Please make an exact transcription of the records, keeping the pictures out of it.

=== Records for the exercise ===

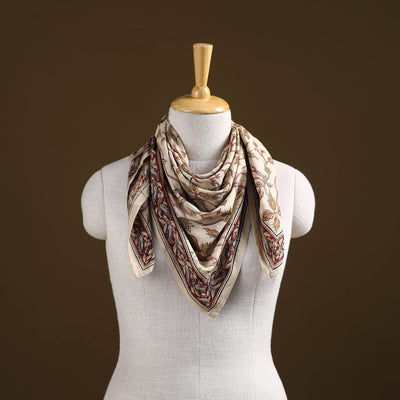 Pedana Hand Block Print Natural Dyed Cotton Kalamkari Scarf 04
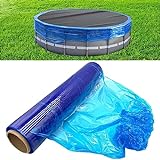 Winter Pool Cover Seal Wrap 500ft for Above Ground Pools - Windproof Stretchable Cover Sealer for Keep Pool Clean - Blue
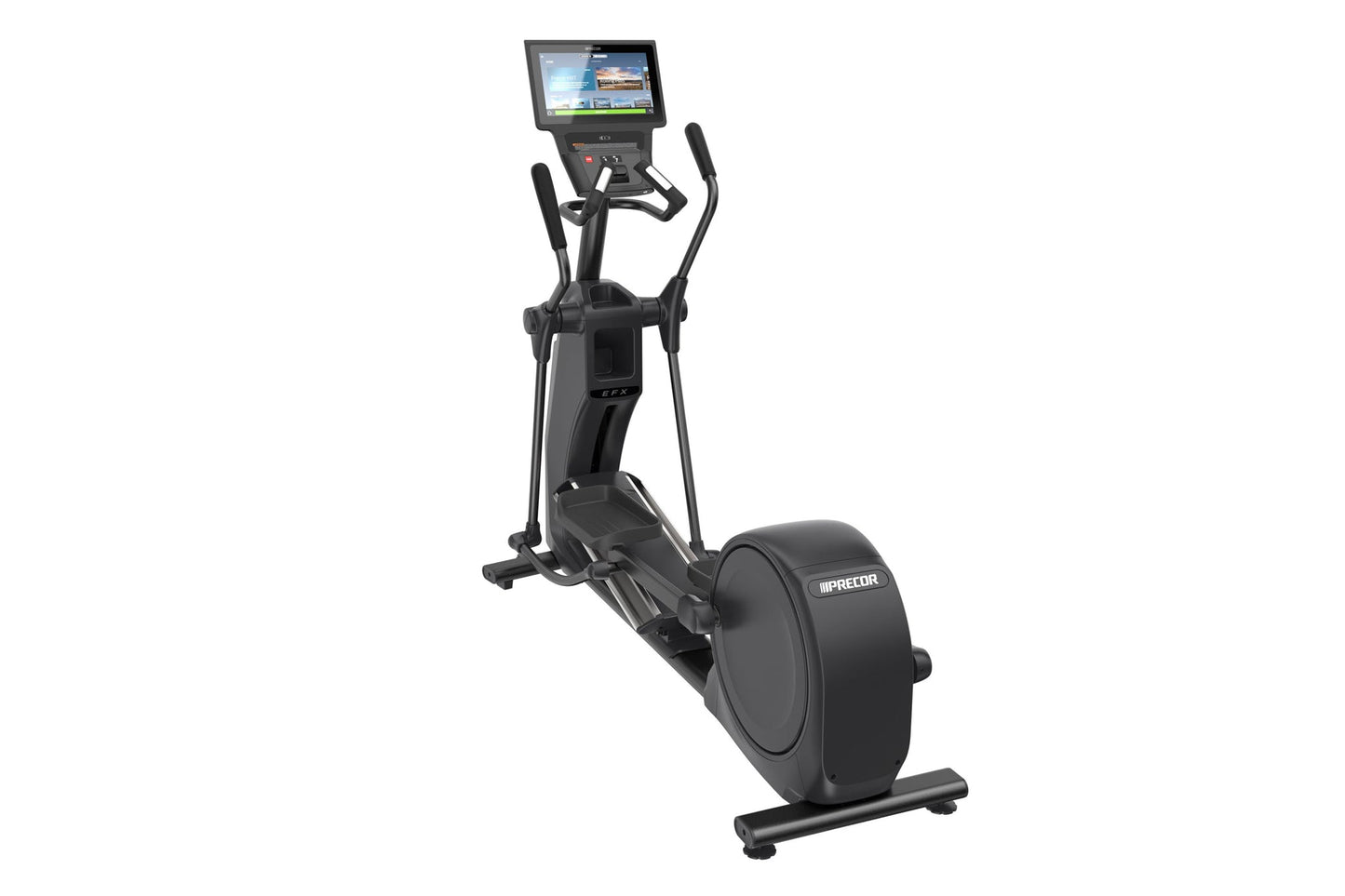 Black Precor EFX 585 elliptical machine with digital console display, dual handlebars, and large footplate on white backgroun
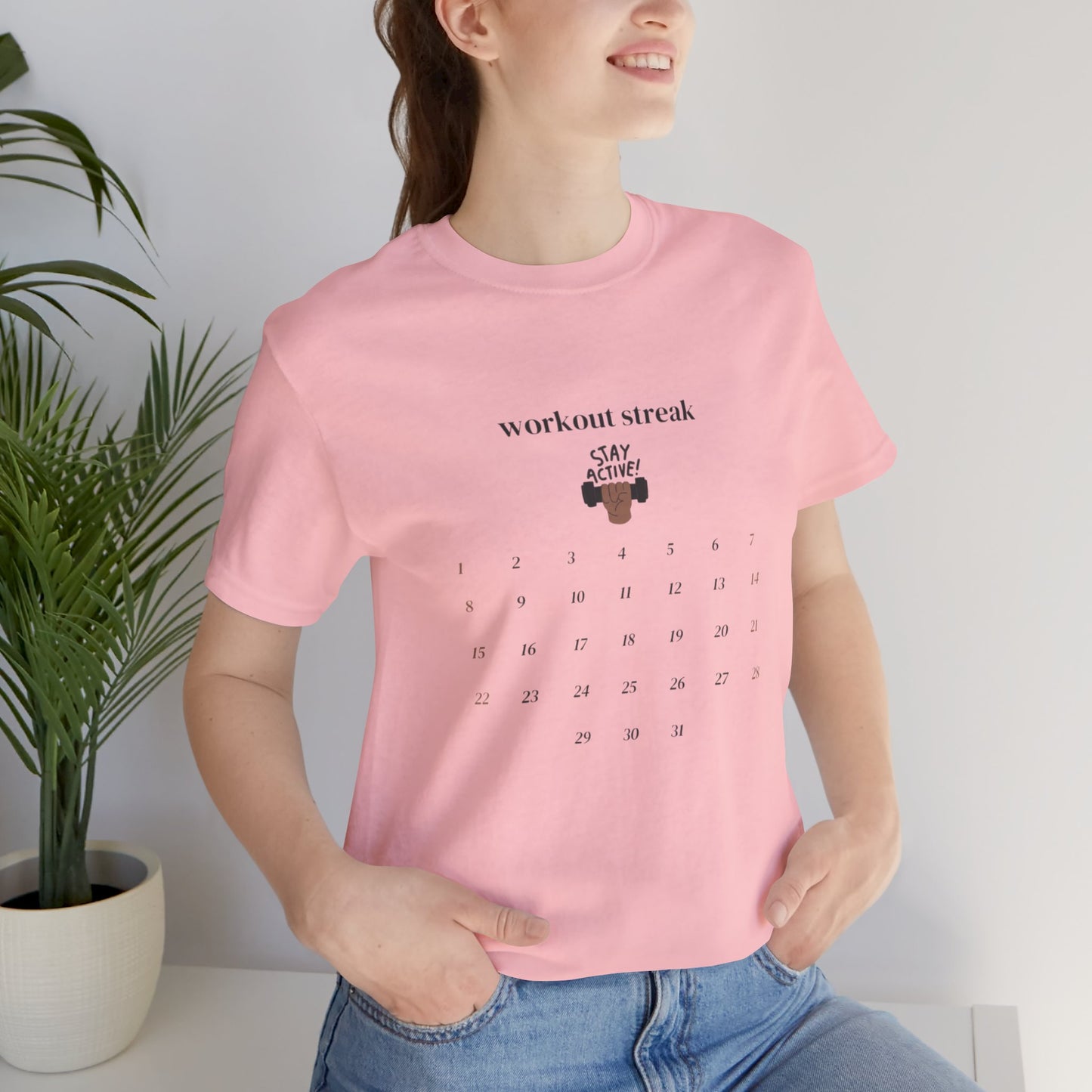 Unisex Workout Streak Tee – “Stay Active” Calendar Shirt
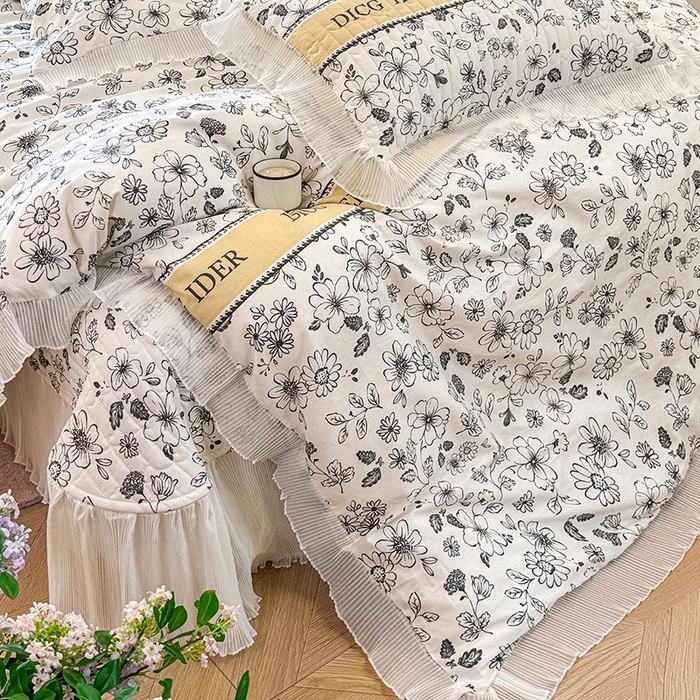 91家纺网 家纺一手货源 找家纺 虹星家纺 2025新款斜纹全棉纯棉印花床盖四件套-清甜 清甜-挚爱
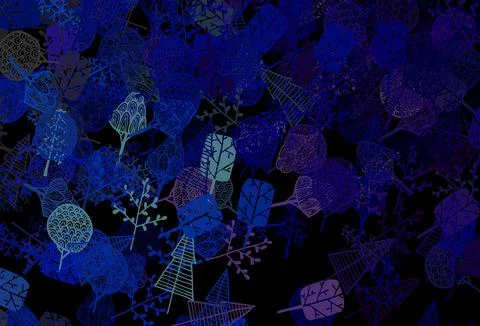 Dark Blue, Green vector doodle pattern with trees, branches. Illustrazione stock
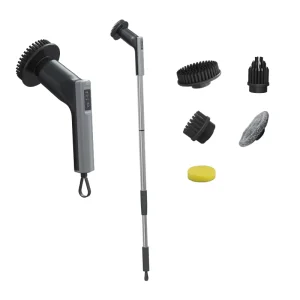 Electric Retractable Handle Cleaning Tool with Replaceable Brush Heads and Eco Friendly ABS Plastic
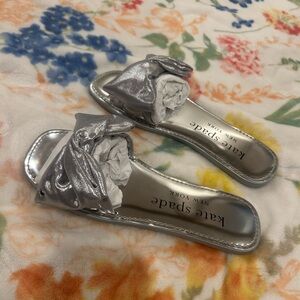 Kate Spade Metallic Silver Slide Sandals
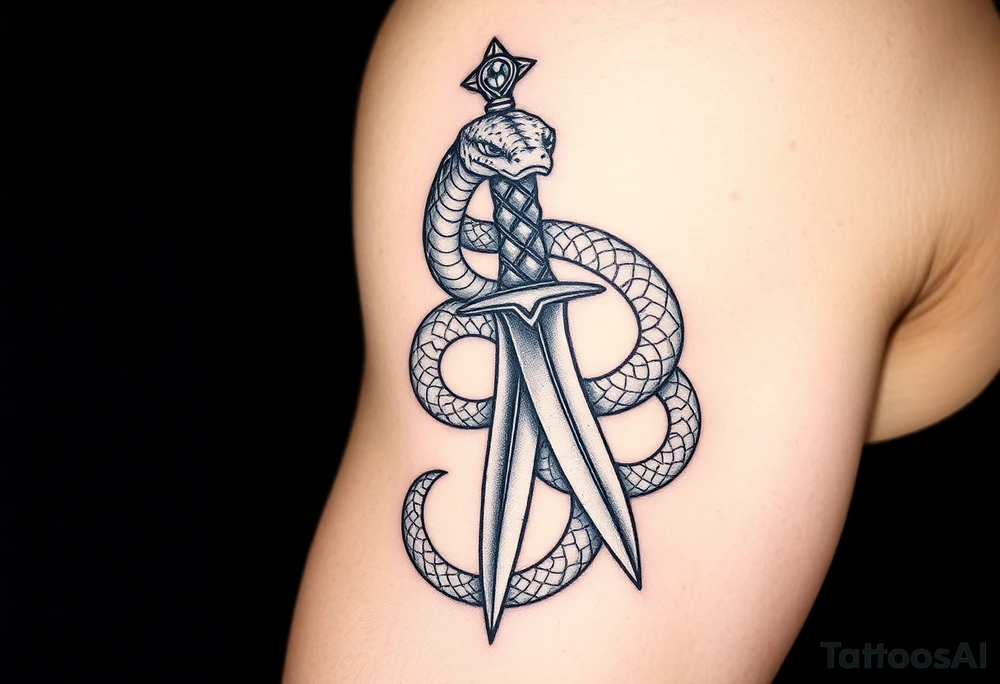 mystical snake coiled around an ancient dagger with jeweled hilt tattoo idea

===

◆ Task solution
 Pedana Hand Block Print Natural Dyed Cotton Kalamkari Scarf 04
 Winter Pool Cover Seal Wrap 500ft for Above Ground Pools - Windproof Stretchable Cover Sealer for Keep Pool Clean - Blue
 Black Precor EFX 585 elliptical machine with digital console display, dual handlebars, and large footplate on white backgroun
 Unisex Workout Streak Tee – “Stay Active” Calendar Shirt
 91家纺网 家纺一手货源 找家纺 虹星家纺 2025新款斜纹全棉纯棉印花床盖四件套-清甜 清甜-挚爱
 Dark Blue, Green vector doodle pattern with trees, branches. Illustrazione stock
 Electric Retractable Handle Cleaning Tool with Replaceable Brush Heads and Eco Friendly ABS Plastic
 Kate Spade Metallic Silver Slide Sandals
 mystical snake coiled around an ancient dagger with jeweled hilt tattoo idea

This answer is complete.